Religious, caste or misogynistic prejudices are bred within the domestic set-up itself by a generation that is “damaged beyond repair”, said writer Bolwar Mahamad Kunhi during theMangalore University-level Literary Conference here on Saturday.
The Kendra Sahitya Academy award-winner said parents are to be blamed for the bias in a young mind which leads to prejudice in society. “Parents are the ones who tell their children that it is correct only to worship ‘our’ gods and not ‘their’ gods. Similarly, none of us know which caste we are because our forefathers have been converted and reconverted many times. And yet, we fight in the name of caste as it has been drilled into us to aspire towards a higher caste,” he said and added that the need to propagate caste superiority even sees ‘Bhootakolas’ being tinged with caste.
With religion being propagated fervently in the house itself, it wasn’t surprising that stereotyping women based on figures from religious textbooks is imposed upon society, said Mr. Kunhi.
“Our religious texts are the biggest hurdles in women’s empowerment. Women are expected to be the Sati-Savithri types, where they even feel ashamed to hang their undergarments in the balcony,” he said, and his point was buttressed by the noticeable giggle from the girls in the audience at the mention of the undergarments.
“Religion is written by man, and so, society naturally becomes a male-dominated set-up. Even language has a masculine tinge to it. Take the sign ‘men at work’, that is put in construction sites even though women work in them too,” said Mr. Kunhi.

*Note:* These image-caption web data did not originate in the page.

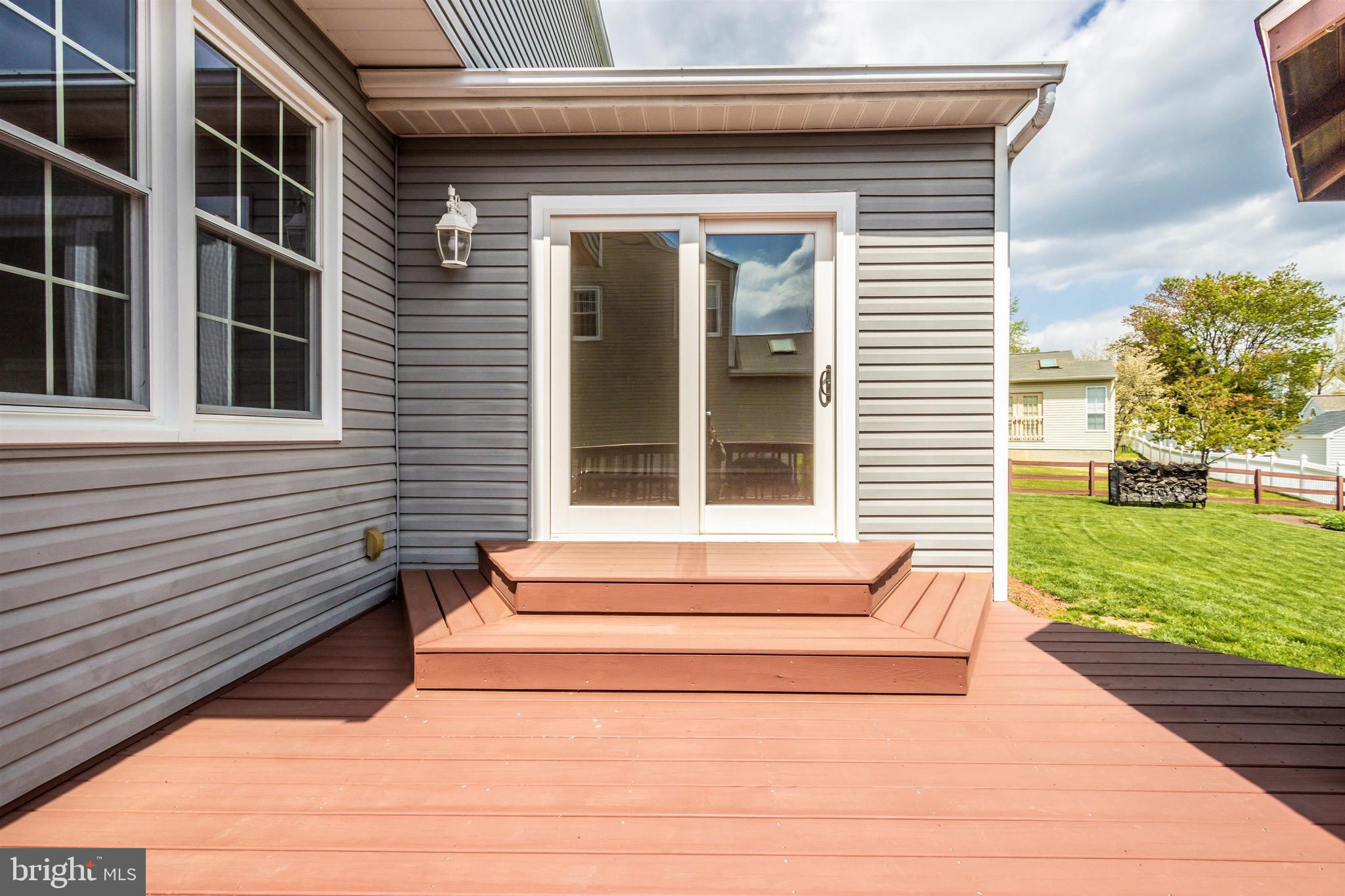 SEVEN OAKS - Residential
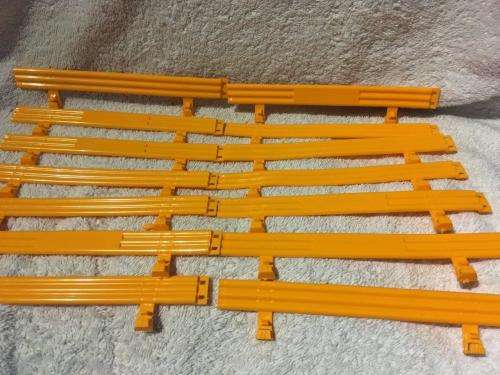 14 x Orange Scalextric Crash Barriers 1:32 Scale - As New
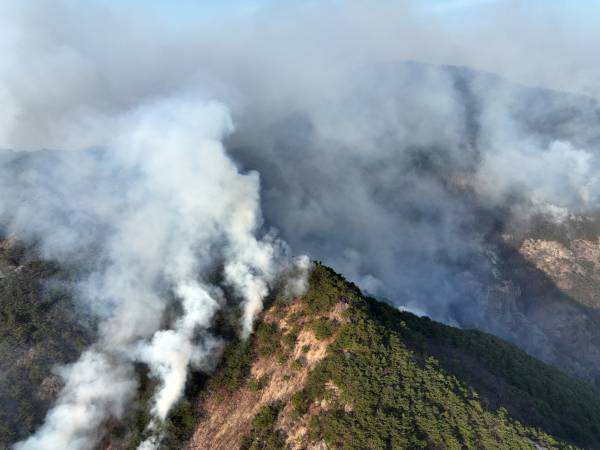 26일 산불이 번진 경북 청송군 주왕산에서 연기가 피어오르고 있다. 연합뉴스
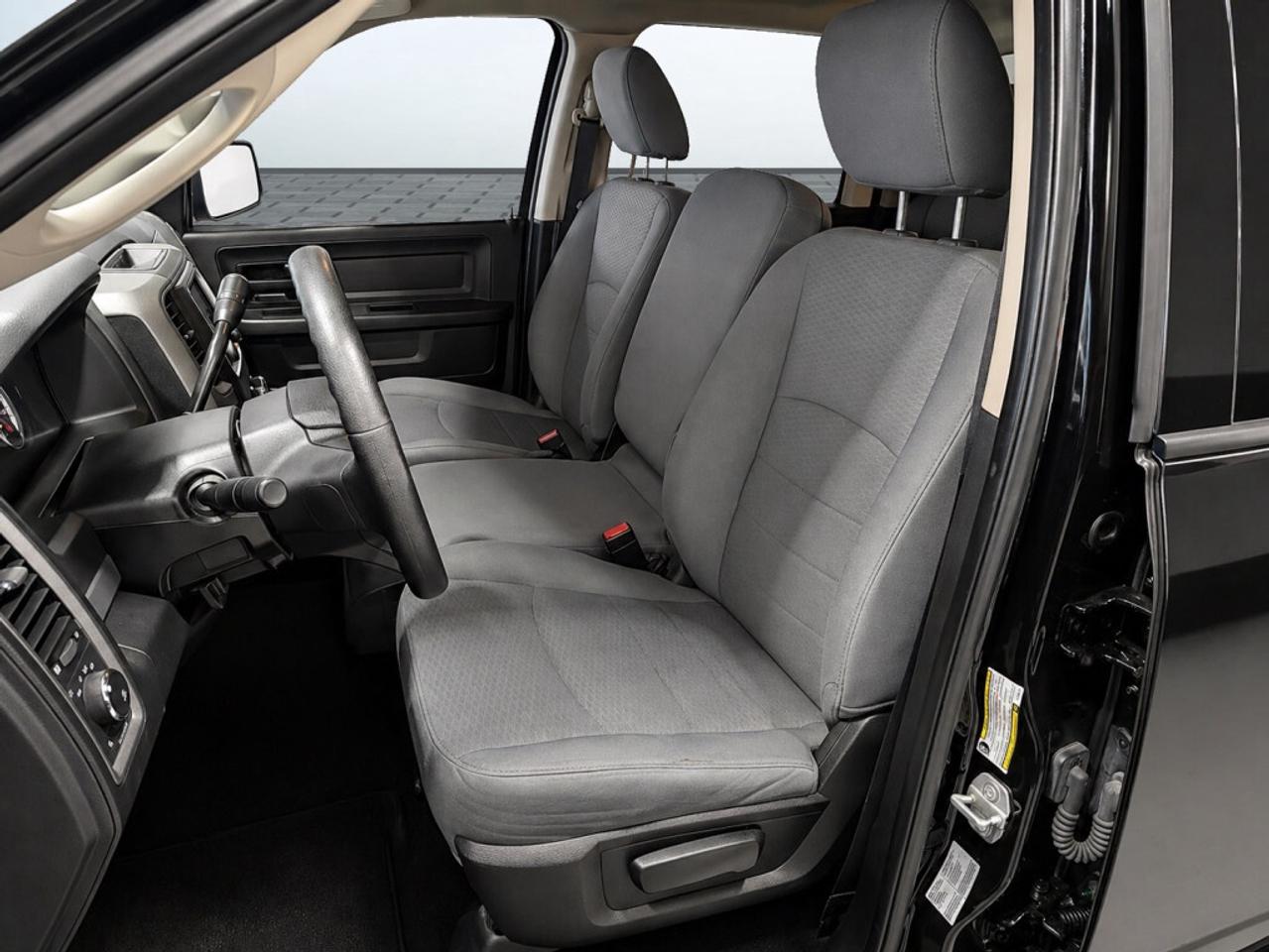2017 RAM 1500 Blackout Express   One Owner   No Accidents   Runn Photo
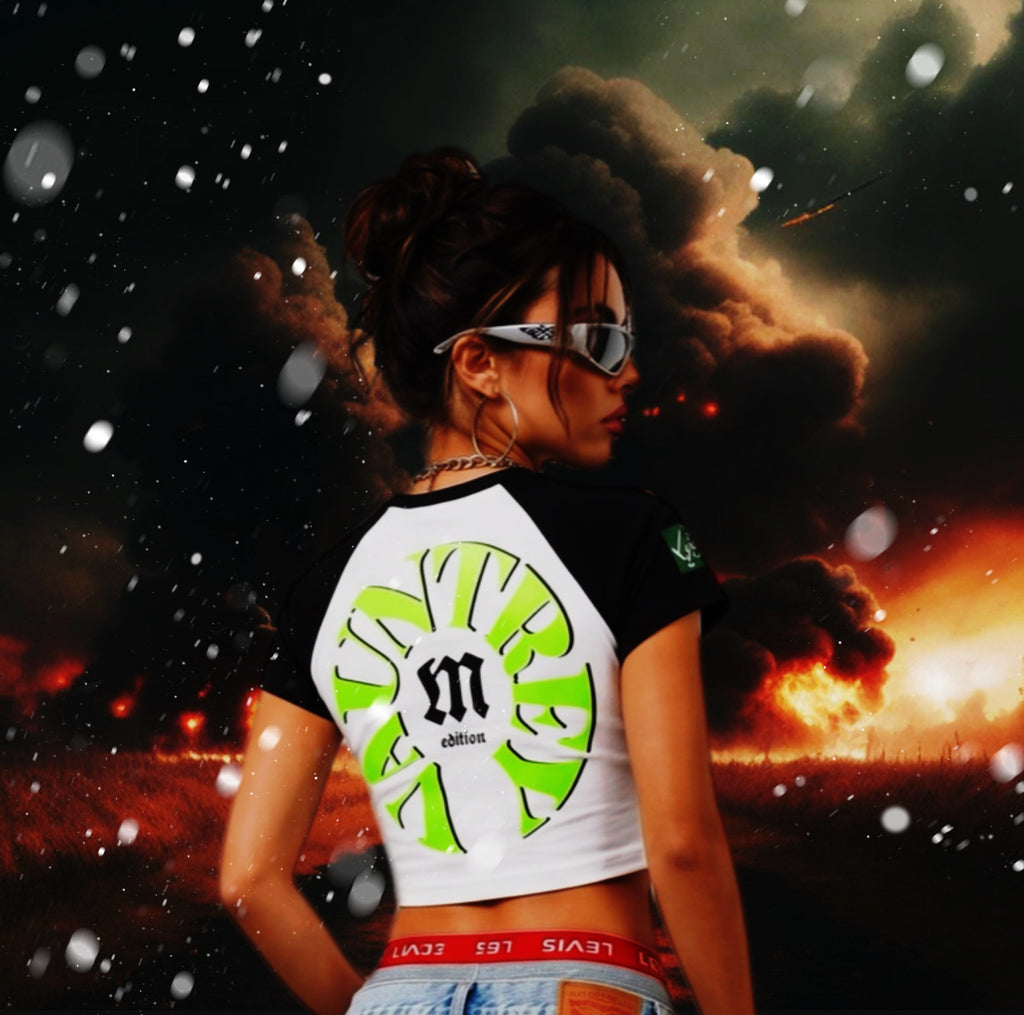 dinero loves me crop tee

Commenting on the ‘burqa’ issue which he said though many looked at it as a sign of misogyny, Muslim students wearing burqa should be treated delicately. “Those who wear burqa to schools are probably among the first women in their families to be educated. The families have had no exposure to education, and the parents do not know how it will be like for a girl. They force the burqa on the girls, fearing remonstration from the masjid. But I know that most of these girls, when they become parents may not force the burqa on their daughters,” he said.
He lamented the lack of representation of Muslims in literature, explaining that in texts written by those from other religions, Muslims are only transient characters and never the protagonists. “It’s like they’ve left these characters to Muslim writers. Or perhaps, they have a fear of repercussion for misrepresenting Muslims,” said Mr. Kunhi.